| What the task asks |
Write each entry out again, exactly as it is written.
╭─ Given records
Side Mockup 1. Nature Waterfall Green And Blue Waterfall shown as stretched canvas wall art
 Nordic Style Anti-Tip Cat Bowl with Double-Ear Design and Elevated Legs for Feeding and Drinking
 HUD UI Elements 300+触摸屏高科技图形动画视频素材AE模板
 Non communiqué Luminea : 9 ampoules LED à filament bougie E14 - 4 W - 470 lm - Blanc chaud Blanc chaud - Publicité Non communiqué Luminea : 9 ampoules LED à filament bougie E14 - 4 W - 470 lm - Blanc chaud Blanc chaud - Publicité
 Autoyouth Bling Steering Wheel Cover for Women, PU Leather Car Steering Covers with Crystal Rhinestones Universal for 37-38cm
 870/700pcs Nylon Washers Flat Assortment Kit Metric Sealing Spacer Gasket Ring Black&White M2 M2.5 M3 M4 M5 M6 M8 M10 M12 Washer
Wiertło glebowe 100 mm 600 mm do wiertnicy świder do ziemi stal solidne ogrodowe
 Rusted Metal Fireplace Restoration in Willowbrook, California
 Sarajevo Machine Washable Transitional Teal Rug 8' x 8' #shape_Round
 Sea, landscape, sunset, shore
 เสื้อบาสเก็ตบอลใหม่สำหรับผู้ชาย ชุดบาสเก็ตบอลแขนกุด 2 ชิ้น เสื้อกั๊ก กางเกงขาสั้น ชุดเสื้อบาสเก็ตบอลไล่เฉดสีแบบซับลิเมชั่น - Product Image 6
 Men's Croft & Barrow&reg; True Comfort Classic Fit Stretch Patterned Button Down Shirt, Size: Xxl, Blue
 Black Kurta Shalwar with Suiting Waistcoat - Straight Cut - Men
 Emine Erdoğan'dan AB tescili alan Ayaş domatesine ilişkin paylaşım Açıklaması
╰─
| Written reply |
Side Mockup 1. Nature Waterfall Green And Blue Waterfall shown as stretched canvas wall art
 Nordic Style Anti-Tip Cat Bowl with Double-Ear Design and Elevated Legs for Feeding and Drinking
 HUD UI Elements 300+触摸屏高科技图形动画视频素材AE模板
 Non communiqué Luminea : 9 ampoules LED à filament bougie E14 - 4 W - 470 lm - Blanc chaud Blanc chaud - Publicité Non communiqué Luminea : 9 ampoules LED à filament bougie E14 - 4 W - 470 lm - Blanc chaud Blanc chaud - Publicité
 Autoyouth Bling Steering Wheel Cover for Women, PU Leather Car Steering Covers with Crystal Rhinestones Universal for 37-38cm
 870/700pcs Nylon Washers Flat Assortment Kit Metric Sealing Spacer Gasket Ring Black&White M2 M2.5 M3 M4 M5 M6 M8 M10 M12 Washer
Wiertło glebowe 100 mm 600 mm do wiertnicy świder do ziemi stal solidne ogrodowe
 Rusted Metal Fireplace Restoration in Willowbrook, California
 Sarajevo Machine Washable Transitional Teal Rug 8' x 8' #shape_Round
 Sea, landscape, sunset, shore
 เสื้อบาสเก็ตบอลใหม่สำหรับผู้ชาย ชุดบาสเก็ตบอลแขนกุด 2 ชิ้น เสื้อกั๊ก กางเกงขาสั้น ชุดเสื้อบาสเก็ตบอลไล่เฉดสีแบบซับลิเมชั่น - Product Image 6
 Men's Croft & Barrow&reg; True Comfort Classic Fit Stretch Patterned Button Down Shirt, Size: Xxl, Blue
 Black Kurta Shalwar with Suiting Waistcoat - Straight Cut - Men
 Emine Erdoğan'dan AB tescili alan Ayaş domatesine ilişkin paylaşım Açıklaması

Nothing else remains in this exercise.